# Robert Johnson Remix - to better appreciate the genius.



## CathodeRay (Jan 12, 2018)

Remixed Cross Road Blues : Playing Cross Road Blues Remix by Robert Johnson - picosong

I found the original '78 "full range recording" so tinny it was pretty difficult to listen to, appreciate, or try to get a handle on generally. Which is a shame; it's some awesome playing.

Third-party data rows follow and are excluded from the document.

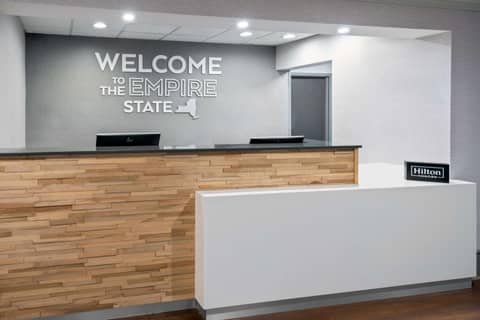 Hampton Inn Buffalo-Airport Galleria Mall — photo 7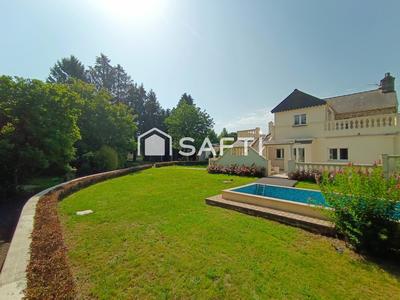 Maison - 139 m² - 7 pièces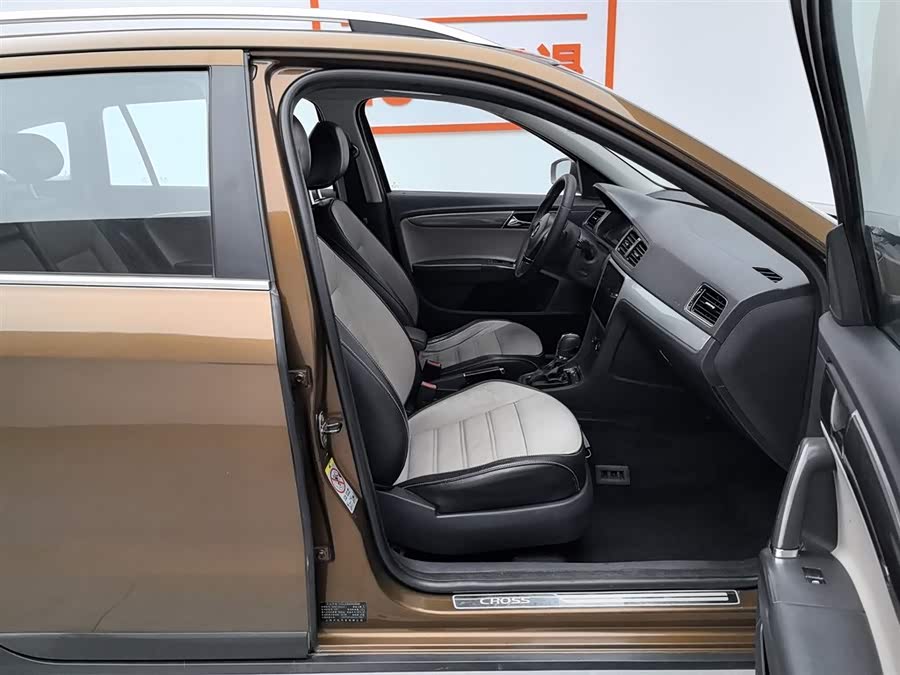 Volkswagen Cross Lavida 2014 immagine di auto #24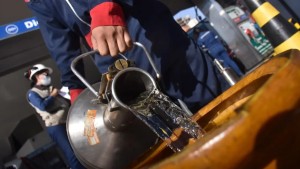 Laboratorio de la UMSA detecta niveles críticos de goma en muestras recientes de gasolina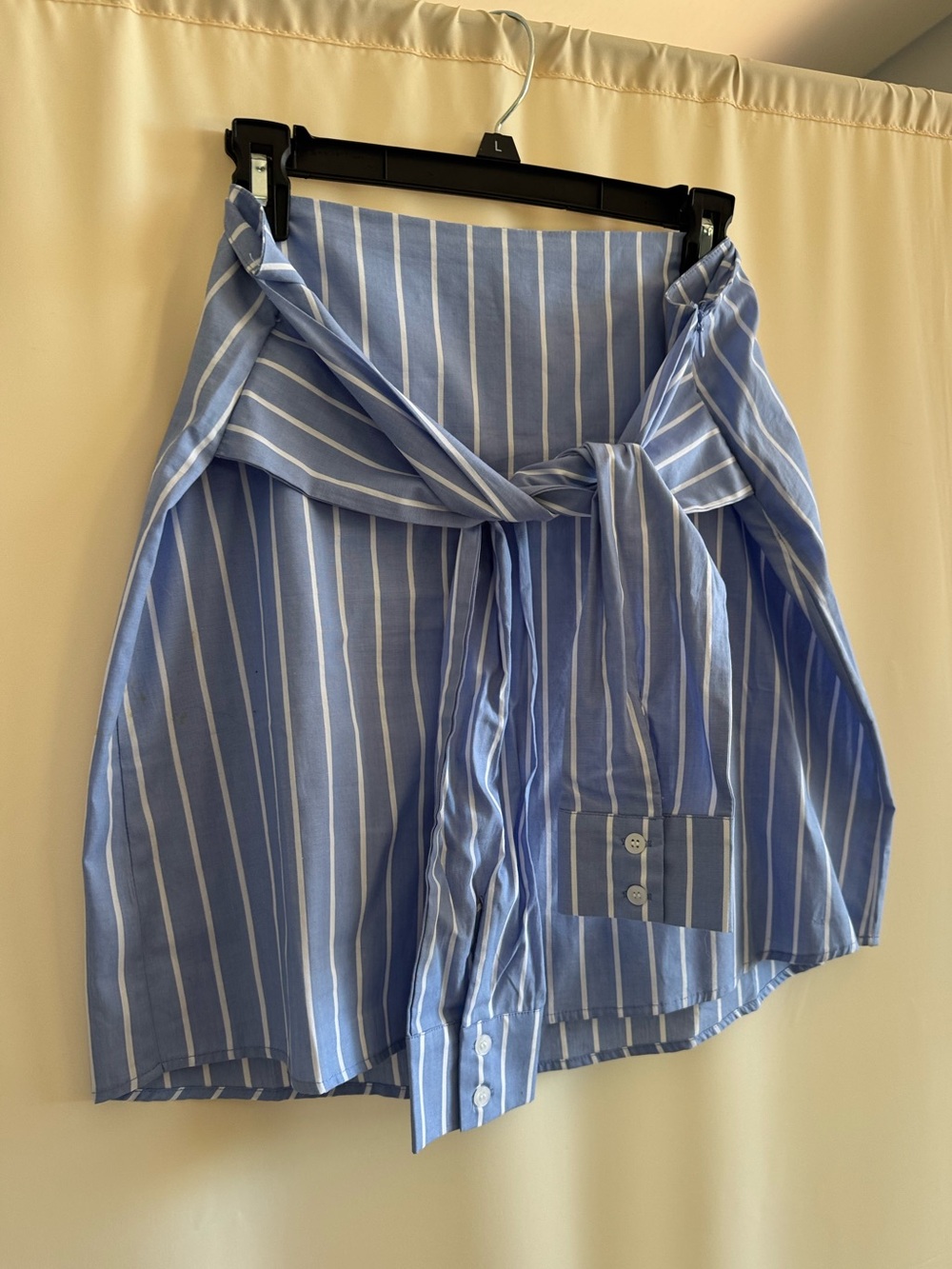 Socialite Blue and White Striped Tie-Front Skirt - Picture 5 of 9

I remixed it in Soundforge, thought I'd share.


----------



## greco (Jul 15, 2007)

Thanks for doing the remix. It dramatically improved all aspects of the recording and it certainly helped me to appreciate Robert Johnson more than I ever had in the past.


----------



## CathodeRay (Jan 12, 2018)

greco said:


> Thanks for doing the remix. It dramatically improved all aspects of the recording and it certainly helped me to appreciate Robert Johnson more than I ever had in the past.


Awesome, thanks!


----------



## jdto (Sep 30, 2015)

That definitely sounds better. Have you also seen the conjecture that he was likely recorded at slower speed than 78 rpm, so most recordings of him sound sped up and thin?


----------



## CathodeRay (Jan 12, 2018)

@jdto I had not heard that. I could try to slow it down & see how it sounds though.


----------



## jdto (Sep 30, 2015)

CathodeRay said:


> @jdto I had not heard that. I could try to slow it down & see how it sounds though.

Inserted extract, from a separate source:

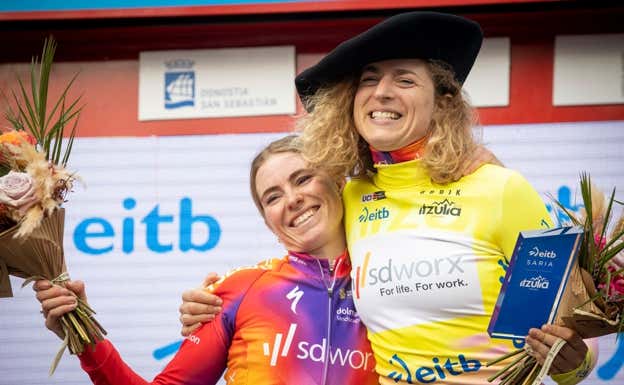 Demi Vollering (izquierda) y Marlen Reusser (derecha), compañeras de equipo y amigas, celebran la victoria de esta última en la Vuelta al País Vasco femenina.  EFE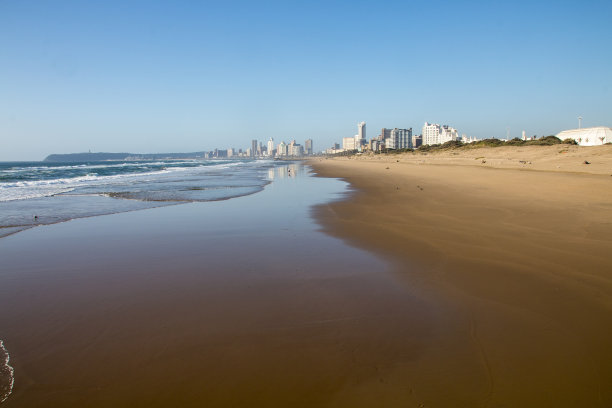 长长的海滩与德班酒店的背景图片下载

I found a couple of different ones YouTube, which sound pretty good. There are several different attempts at finding his "real" sound by slowing down and remastering etc. I admit that some of them don't sound great, but others do sound pretty realistic, to me.


----------



## CathodeRay (Jan 12, 2018)

That first one sounds fantastic.


----------



## jdto (Sep 30, 2015)

CathodeRay said:


> That first one sounds fantastic.


It gave me chills. It sounds a lot more realistic than the widely available recordings. His voice, the guitar, the licks...wow. There is a growl and a feeling that the faster recordings don’t quite capture. I don’t know for sure, but this version feels more “real” to me.


----------



## Dorian2 (Jun 9, 2015)

What were they trying to do? Make him sound white? That would never happen....now would it?


----------